From Hal Childs’ The Myth of History and the Evolution of Consciousness I addressed in my previous post:
Everything we know about Jesus is at least second- and third-hand. There is no way to confirm that material from multiple, independent witnesses actually goes back to Jesus. The scholar can only assume or hope it does — it is a question of probability but not necessity. But how reliable is the probability? There are no reliable epistemological procedures by which to determine this either. It remains a matter of personal preference. (p. 35)
And the following is from page 501 of “Jesus, Historians, and the Psychology of Historiography: A Response to My Respondents” by Hal Childs, Pastoral Psychology, Vol. 51, No. 6, July 2003. There was a special issue of Pastoral Psychology devoted to Hal Childs’ book.
Yet we only need to look at Saint Paul to realize the historic Jesus is not required by, nor necessary for, Christianity. Paul was transformed by his encounter with a Christ, and his own work with his encounter, in turn, transformed a Christ image that also became a cultural phenomenon.
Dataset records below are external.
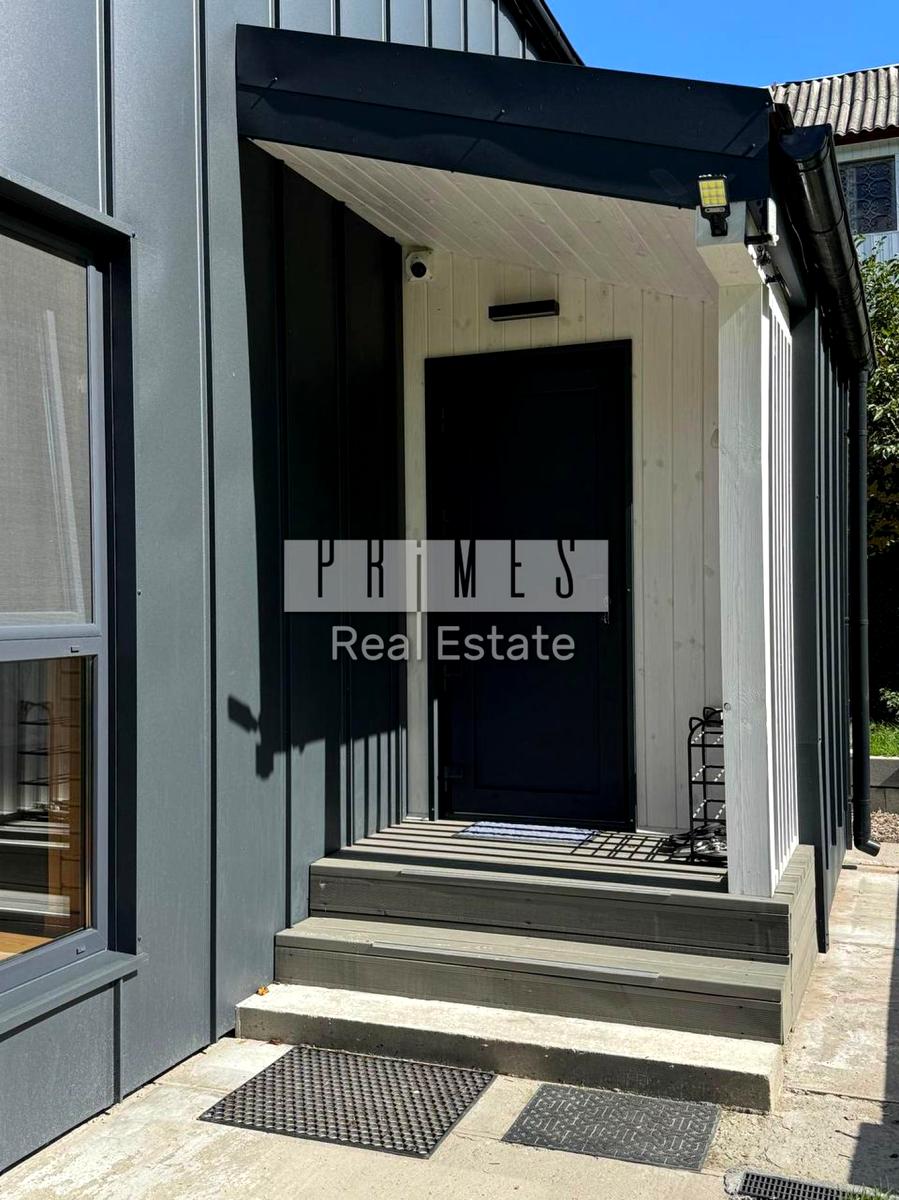 Дом по адресу ул. Боровкова (площадь 83 м²) - Atlanta.ua - фото 29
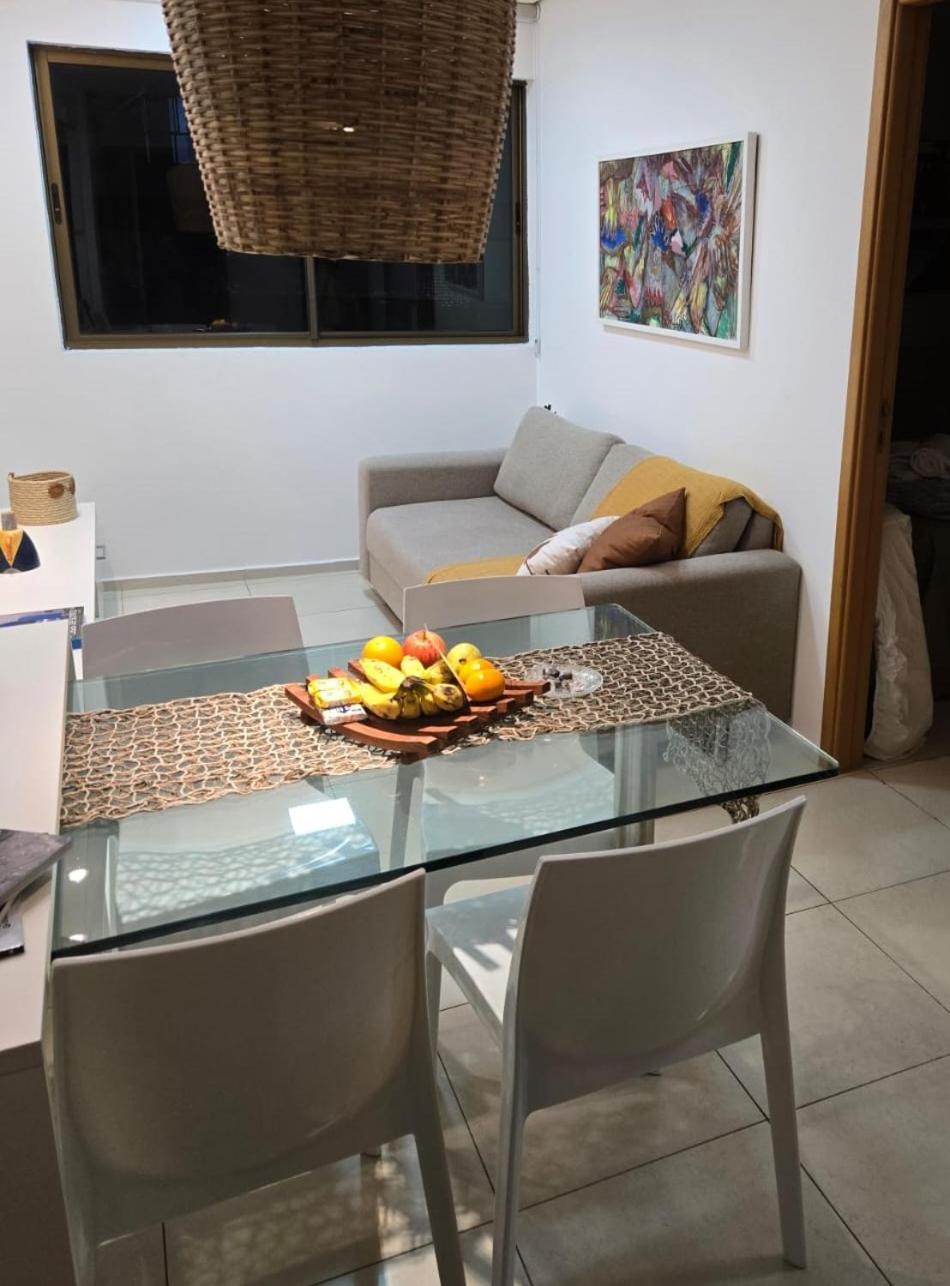 Apartamento Gracas 108 Ресіфі Екстер'єр фото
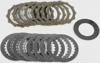 DRC Complete Clutch Kit - Cork CK Plates, Steels, & Springs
But Paul never knew the historic Jesus and it didn’t seem to matter in the least. Whenever Paul needed authorization for his views and experience he went directly to divine revelation.
Childs is not a mythicist and the statement he makes is not an argument “for mythicism”. Rather, Childs is asking us to widen our understanding of all that the question of Christian origins involves.
Again, notice that Childs is not questioning the historicity of Jesus. That is not an issue. (He elsewhere writes on the assumption that there was a real Jesus.)
He is arguing that modern historians (and theologians) are guided more by contemporary ideas and interests in bringing their assumptions that that Jesus can somehow be located in and “reconstructed” from the texts we have than they are by any truly “objective” approach brought to the evidence itself.